Beyond the tools: DevOps and you

DevOps is the Holy Grail that could save your IT architecture – or so we’re being told.

Do DevOps properly, and the IT department can deliver software continuously and fix complaints more quickly. This makes line of business managers happier, which is lovely. It also gives you more time to listen to their requests for new widget cost-averaging functions which they will then demand you implement. This is less lovely.

You win some, you lose some.

Just don’t get too excited – not yet, anyway. DevOps isn’t a single product, or even a set of products. And if anyone offers you DevOps in a box, you should run away - fast.

Rather what’s emerging as DevOps is a combination of skillset and a mindset along with toolset. So, then, if you’re going to do DevOps effectively, you’re going to need a few things in place. But what are they?

John Willis and Damon Edwards, who co-host the long-running DevOps Café podcast, have coined the term CAMS that stands for: Culture, Automation, Measurement and Sharing.

That’s a really good starting point.

Culture

“Look at the cultural side,” Splunk chief technology advocate Andi Mann told The Reg. “Changing corporate culture is no small thing. Its adopting shared values, and systems thinking. It’s accepting the consequence of having smaller deliverables and iterating faster on them.”

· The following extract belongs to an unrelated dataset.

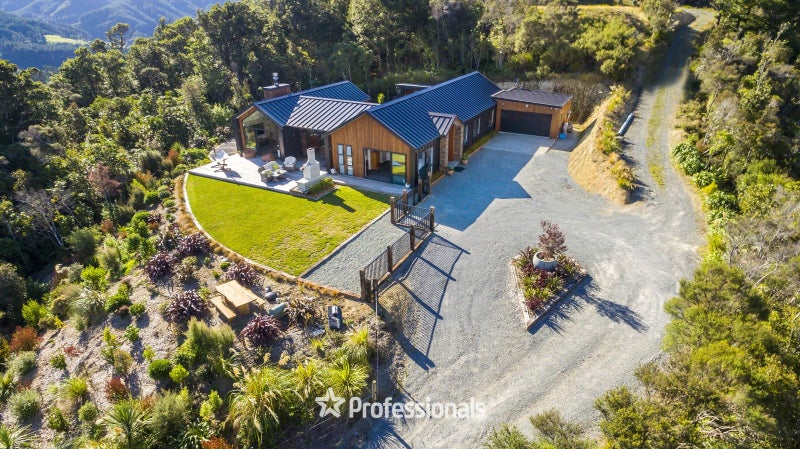 263 Fairview Drive, Akatarawa, Upper Hutt - Carousel 1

DevOps requires a significant change to the way that teams develop, test and deploy software. That’s a problem for firms who are allergic to it. “This inertia is one of the biggest blockers to any sort of innovation,” according to research director for development, DevOps and IT operations at 451 Research Donnie Berkholz.

To start to succeed at DevOps, organisations first need a culture that embraces change - and that can only come with executive buy-in. “Especially when it comes to reorganising teams and groups into more DevOps-friendly models, executive support is an absolute necessity,” Berkholz said.

Moving towards a more DevOps-oriented culture will take significant upfront investment in time, money, training, and mean hiring people – the right people. All that spending will need buy-in and sign off.

This therefore means that managers will set expectations, and plan for small wins up front that will inspire people to stick with it for the long haul. Consequently, finding a small project to test the DevOps discipline out on is a must. Starting small lets you learn lessons and establish practices and begin to build that culture.

Ashish Kuthiala, senior director of marketing and strategy for DevOps at the newly created Hewlett-Packard Enterprise, told The Reg: “Teams seeking to adopt DevOps should embrace the willingness to fail and learn from failures to move forward,” continued Kuthiala.

If you have managers in place who rule through fear, humiliation and threats, it might be time to rethink your team before you start.

This cultural shift has to be pushed through all of the teams involved in DevOps, and that means motivating them. A lead advocate should be the lynchpins of process change. They will need to ensure that everyone sees something in DevOps for themselves, which in turn requires a solid understanding not only of peoples’ roles, but what they need to get the job done. And it also requires a culture that avoids blame.

Automation

So what of automation – that second key stage in DevOps? The idea that’s gaining currency here, espoused by cloud hosts such as Claranet, is to build consistent environments from templates or scripts. That implies the use of tools that support that automation process, which will typically be programmatically accessed, and therefore API-driven.

This means laying the ground for open source and cloud-based tools for tasks like configuration management and continuous integration, so assessing procurement and usage policies is an important part of the preparatory process.

Tools are all very well, but a legion of failed projects will confirm that simply winding them up and watching them go is not enough. There’s an element of refinement too. After all, you don’t want to automate inefficient processes.

One of the prerequisites for an effective development, testing and operations process is visibility into how existing processes work, and who’s involved in them. You need to understand what everyone wants, and how they want it.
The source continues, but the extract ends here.